Russians urged to smoke, drink more
Smoke and drink more, Russia's finance minister Alexei Kudrin urged citizens on Wednesday, explaining that higher consumption would help lift tax revenues for spending on social services.
“If you smoke a pack of cigarettes, that means you are giving more to help solve social problems such as boosting demographics, developing other social services and upholding birth rates,” Kudrin said, quoted by the Interfax news agency.
“People should understand: Those who drink, those who smoke are doing more to help the state,” he said, offering unconventional advice as the Russian government announced plans to raise excise duty on alcohol and cigarettes.
Alcohol and cigarette consumption are already extremely high in Russia, where 65 percent of men smoke and the average Russian consumes 18 litres of alcoholic beverages per year, mainly vodka, according to official statistics.
Russian duties on cigarettes are among the lowest in Europe, with most brands priced at around 40 rubles (one euro, 1.30 dollars) per pack and unfiltered cigarettes selling for much less.
The finance ministry in June announced plans to more than double excise duty on cigarettes over the next three years from 250 roubles per 1,000 filtered cigarettes to 590 roubles in 2013.

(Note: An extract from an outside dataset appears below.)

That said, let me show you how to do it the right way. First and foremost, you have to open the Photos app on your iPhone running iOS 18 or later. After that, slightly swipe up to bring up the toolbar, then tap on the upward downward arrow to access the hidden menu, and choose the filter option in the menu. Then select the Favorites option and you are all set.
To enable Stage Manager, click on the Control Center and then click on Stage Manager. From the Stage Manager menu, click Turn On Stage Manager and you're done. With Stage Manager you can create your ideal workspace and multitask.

The move is likely to be unpopular in the nicotine-addicted nation where a cigarette shortage in the late 1980s and early 1990s incited protests and led then-president Mikhail Gorbachev to appeal for emergency outside shipments.

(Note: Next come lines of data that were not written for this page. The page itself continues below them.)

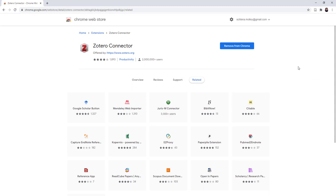After installing, there is one more step before you can use the connector. Right-click on the icon. Click Options.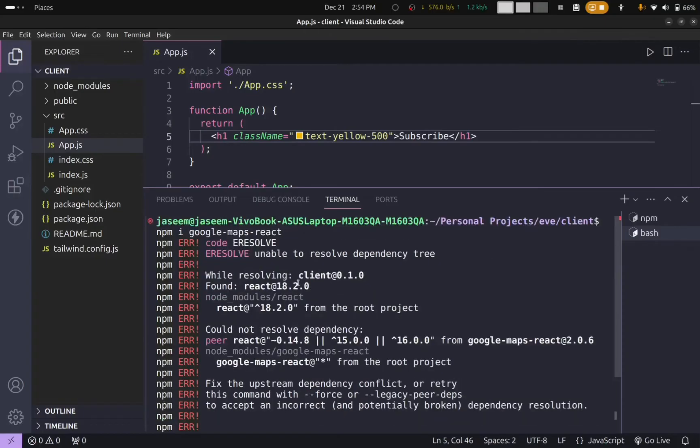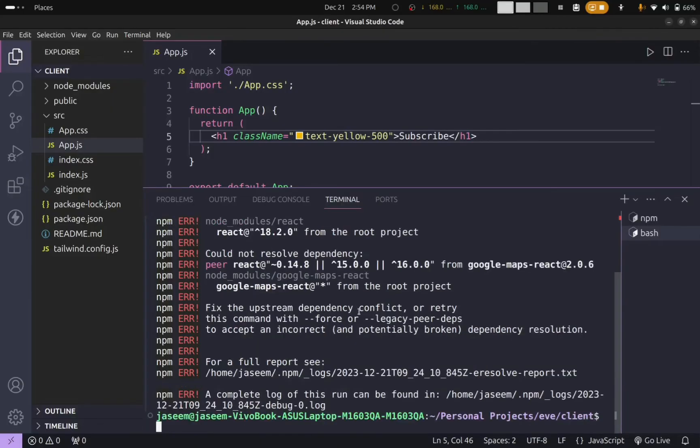When you look at the error, it is 'unable to resolve dependency tree' error. This error happens when you are trying to clone a project which was built a long time ago and the project dependencies have moved on to newer versions.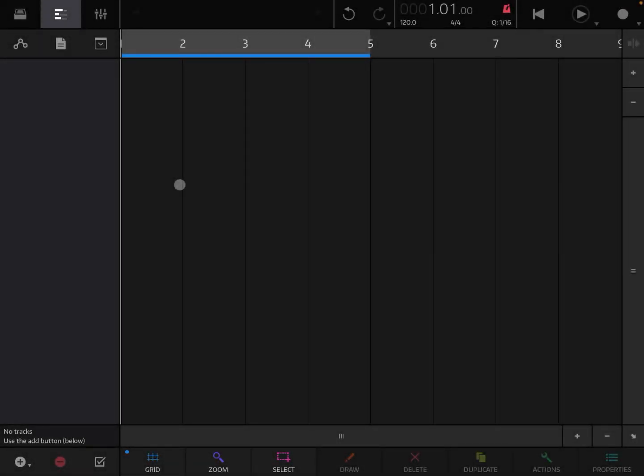Hi everybody! Welcome to a new tutorial from Sound For More. It's Leo speaking. In today's tutorial we're going to start the journey on how to use Obsidian, this synth which is inside Nano Studio 2.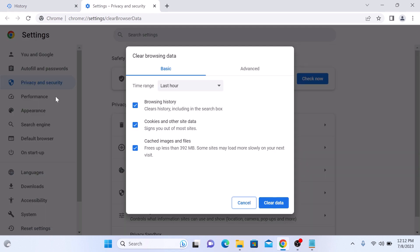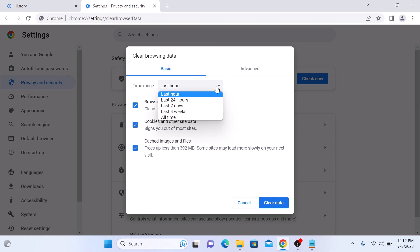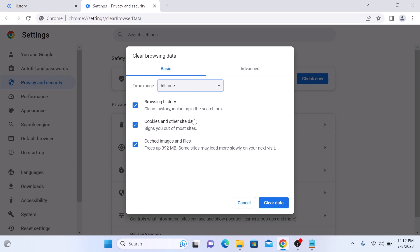A new pop-up will appear. In the time range, select all time. If you want to delete your browsing history, make sure the checkbox next to it is selected. If you want to delete cookies and cached images as well, then check these two options as well.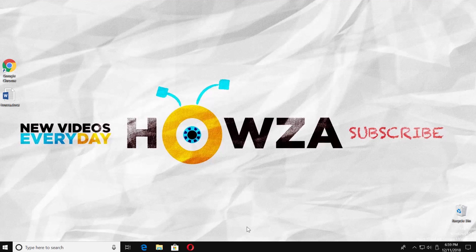Hey! Welcome to Howza Channel! In today's lesson, we will teach you how to change margins in Word 2019. Let's go!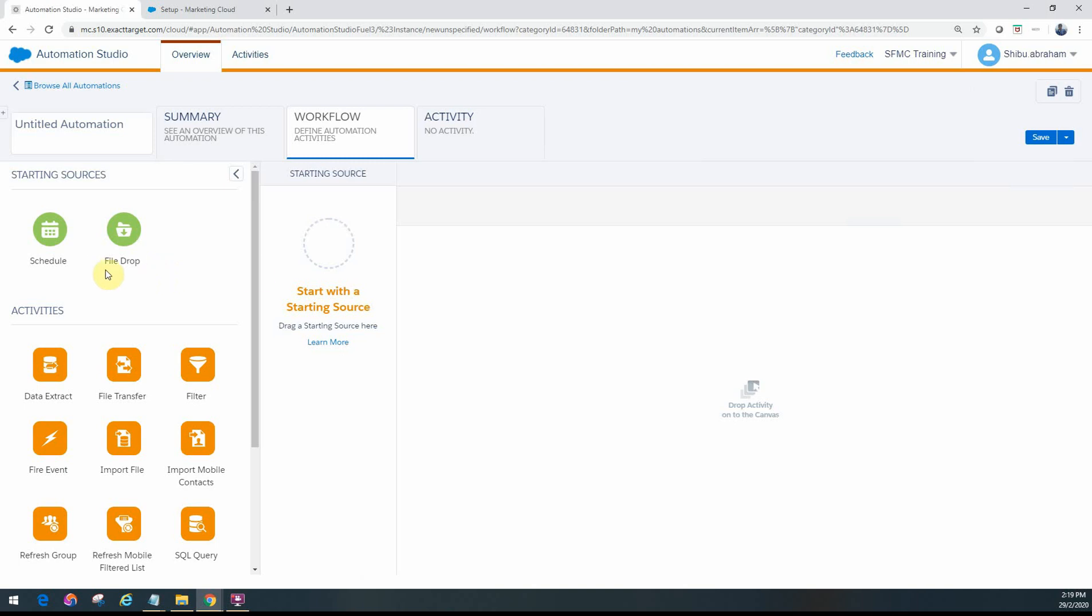Each automation that you configure always has a starting source. It's what triggers that automation. It then has a series of steps that it will execute one after the other or sometimes even concurrently, which are these activities that you see here.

The state recently imposed a new minimum legal price for vodka, implemented a zero tolerance ban on drink-driving and banned night-time sales of alcohol to curb abuse blamed for the deaths of thousands of Russians every year.
Alcohol abuse kills around 500,000 Russians annually and greatly impacts male life expectancy, which is lower than in such developing countries as Bangladesh and Honduras, according to official figures.